● **Exercise description**:
For the records below, say how many lines contain the string "Size". Give the number only.

● **Provided material**:
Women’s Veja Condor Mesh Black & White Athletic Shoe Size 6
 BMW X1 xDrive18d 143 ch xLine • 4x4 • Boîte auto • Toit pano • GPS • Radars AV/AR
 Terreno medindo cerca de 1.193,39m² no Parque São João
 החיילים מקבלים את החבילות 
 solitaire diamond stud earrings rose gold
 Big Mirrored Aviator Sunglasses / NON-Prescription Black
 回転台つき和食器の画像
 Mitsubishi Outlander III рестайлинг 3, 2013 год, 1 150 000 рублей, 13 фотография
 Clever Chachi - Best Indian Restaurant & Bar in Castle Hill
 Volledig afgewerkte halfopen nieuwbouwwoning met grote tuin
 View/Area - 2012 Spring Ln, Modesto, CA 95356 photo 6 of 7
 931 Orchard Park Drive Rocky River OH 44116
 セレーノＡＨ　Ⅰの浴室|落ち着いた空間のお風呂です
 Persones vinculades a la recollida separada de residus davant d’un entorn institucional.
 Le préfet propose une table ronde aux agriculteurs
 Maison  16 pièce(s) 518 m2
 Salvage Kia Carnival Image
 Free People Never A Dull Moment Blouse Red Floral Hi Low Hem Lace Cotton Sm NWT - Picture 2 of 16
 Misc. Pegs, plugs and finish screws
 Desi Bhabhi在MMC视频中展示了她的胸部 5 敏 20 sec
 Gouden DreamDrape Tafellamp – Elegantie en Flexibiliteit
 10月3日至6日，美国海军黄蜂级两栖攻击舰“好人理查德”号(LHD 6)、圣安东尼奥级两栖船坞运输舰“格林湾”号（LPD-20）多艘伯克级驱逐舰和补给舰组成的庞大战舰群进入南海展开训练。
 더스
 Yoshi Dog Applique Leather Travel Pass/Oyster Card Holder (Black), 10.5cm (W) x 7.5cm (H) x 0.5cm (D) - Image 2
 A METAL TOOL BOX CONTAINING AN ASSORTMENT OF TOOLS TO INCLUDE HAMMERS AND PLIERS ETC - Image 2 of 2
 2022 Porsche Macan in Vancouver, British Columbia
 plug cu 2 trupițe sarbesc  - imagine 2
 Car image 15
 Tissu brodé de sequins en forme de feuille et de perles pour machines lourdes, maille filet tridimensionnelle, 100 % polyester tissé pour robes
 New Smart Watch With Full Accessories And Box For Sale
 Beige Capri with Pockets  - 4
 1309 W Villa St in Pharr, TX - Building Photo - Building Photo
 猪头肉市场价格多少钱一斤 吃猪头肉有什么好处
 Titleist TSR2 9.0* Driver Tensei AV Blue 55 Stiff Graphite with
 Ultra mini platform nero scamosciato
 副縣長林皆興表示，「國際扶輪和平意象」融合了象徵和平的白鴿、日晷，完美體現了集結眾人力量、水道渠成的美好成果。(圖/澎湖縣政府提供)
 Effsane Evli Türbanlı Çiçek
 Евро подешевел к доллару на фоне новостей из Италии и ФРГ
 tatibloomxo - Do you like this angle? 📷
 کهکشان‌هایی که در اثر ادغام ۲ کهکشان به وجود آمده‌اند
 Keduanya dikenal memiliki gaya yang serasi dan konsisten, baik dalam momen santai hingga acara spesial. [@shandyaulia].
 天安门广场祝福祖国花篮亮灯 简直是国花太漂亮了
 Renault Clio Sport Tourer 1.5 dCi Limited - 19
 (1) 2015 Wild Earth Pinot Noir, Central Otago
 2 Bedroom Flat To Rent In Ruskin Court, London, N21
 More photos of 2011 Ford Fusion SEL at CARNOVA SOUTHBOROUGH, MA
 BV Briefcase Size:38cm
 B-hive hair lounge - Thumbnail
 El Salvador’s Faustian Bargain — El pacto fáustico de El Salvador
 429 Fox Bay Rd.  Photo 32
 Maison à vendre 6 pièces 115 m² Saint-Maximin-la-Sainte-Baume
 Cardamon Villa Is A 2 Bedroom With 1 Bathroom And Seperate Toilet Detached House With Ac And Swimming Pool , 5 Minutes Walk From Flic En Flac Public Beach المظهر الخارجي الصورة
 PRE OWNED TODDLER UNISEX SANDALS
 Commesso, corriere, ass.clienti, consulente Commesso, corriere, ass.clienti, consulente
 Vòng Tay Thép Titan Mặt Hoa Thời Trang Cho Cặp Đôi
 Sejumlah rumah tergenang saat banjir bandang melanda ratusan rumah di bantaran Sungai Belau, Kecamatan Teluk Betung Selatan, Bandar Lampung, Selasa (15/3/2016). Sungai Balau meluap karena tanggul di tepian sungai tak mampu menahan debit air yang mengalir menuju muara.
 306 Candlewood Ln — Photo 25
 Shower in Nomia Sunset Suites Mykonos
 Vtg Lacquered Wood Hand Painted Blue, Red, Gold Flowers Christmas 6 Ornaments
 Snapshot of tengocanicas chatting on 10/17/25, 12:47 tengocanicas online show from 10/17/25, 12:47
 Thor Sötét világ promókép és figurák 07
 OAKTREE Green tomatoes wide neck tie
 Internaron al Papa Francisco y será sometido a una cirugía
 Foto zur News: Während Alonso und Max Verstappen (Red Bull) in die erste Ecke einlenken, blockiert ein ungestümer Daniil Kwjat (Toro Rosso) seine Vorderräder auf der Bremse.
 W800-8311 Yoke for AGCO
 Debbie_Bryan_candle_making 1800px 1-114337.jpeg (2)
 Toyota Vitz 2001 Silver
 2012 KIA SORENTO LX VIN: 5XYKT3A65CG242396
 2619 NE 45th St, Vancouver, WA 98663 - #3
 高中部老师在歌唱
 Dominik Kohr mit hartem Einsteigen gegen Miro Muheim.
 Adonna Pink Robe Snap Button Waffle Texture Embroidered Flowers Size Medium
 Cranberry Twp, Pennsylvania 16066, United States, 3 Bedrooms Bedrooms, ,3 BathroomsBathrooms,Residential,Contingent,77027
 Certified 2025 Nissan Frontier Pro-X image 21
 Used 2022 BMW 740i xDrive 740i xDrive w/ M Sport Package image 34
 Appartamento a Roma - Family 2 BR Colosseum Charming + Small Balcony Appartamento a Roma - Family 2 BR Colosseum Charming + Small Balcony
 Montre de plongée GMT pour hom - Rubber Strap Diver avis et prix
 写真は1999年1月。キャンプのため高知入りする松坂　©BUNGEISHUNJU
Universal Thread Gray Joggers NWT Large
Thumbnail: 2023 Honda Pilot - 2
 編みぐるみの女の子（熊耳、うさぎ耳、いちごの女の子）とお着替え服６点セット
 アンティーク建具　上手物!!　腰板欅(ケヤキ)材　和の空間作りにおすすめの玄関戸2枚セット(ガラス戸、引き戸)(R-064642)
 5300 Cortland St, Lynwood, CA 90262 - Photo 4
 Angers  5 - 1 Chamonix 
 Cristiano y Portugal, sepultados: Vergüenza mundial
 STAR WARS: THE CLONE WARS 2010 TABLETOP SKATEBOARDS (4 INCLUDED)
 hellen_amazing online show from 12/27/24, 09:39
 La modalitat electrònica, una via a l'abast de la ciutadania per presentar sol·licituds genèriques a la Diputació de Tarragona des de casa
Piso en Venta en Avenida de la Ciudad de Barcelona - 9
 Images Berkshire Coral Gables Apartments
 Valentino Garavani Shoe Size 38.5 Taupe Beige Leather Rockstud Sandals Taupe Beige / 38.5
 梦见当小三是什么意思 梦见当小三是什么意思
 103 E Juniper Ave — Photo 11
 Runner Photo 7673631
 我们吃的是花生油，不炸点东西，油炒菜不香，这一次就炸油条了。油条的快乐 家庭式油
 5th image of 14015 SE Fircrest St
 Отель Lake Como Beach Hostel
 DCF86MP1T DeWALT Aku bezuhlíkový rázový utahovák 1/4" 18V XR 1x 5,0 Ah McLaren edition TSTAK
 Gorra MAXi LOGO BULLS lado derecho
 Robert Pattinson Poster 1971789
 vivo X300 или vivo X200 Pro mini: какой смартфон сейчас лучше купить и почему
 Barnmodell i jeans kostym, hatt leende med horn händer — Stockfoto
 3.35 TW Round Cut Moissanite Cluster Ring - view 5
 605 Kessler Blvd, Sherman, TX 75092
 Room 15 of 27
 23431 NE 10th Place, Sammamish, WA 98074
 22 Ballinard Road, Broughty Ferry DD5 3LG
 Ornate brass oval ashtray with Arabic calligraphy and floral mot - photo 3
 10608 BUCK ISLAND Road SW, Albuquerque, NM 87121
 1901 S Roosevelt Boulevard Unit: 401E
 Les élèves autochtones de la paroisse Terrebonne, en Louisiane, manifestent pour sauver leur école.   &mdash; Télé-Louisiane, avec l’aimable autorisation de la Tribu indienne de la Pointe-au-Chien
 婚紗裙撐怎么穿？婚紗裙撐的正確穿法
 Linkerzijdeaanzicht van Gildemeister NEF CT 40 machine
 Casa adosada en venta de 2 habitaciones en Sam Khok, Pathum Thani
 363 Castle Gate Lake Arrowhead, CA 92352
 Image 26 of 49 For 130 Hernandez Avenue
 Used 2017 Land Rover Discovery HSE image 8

● **Solution below**:
4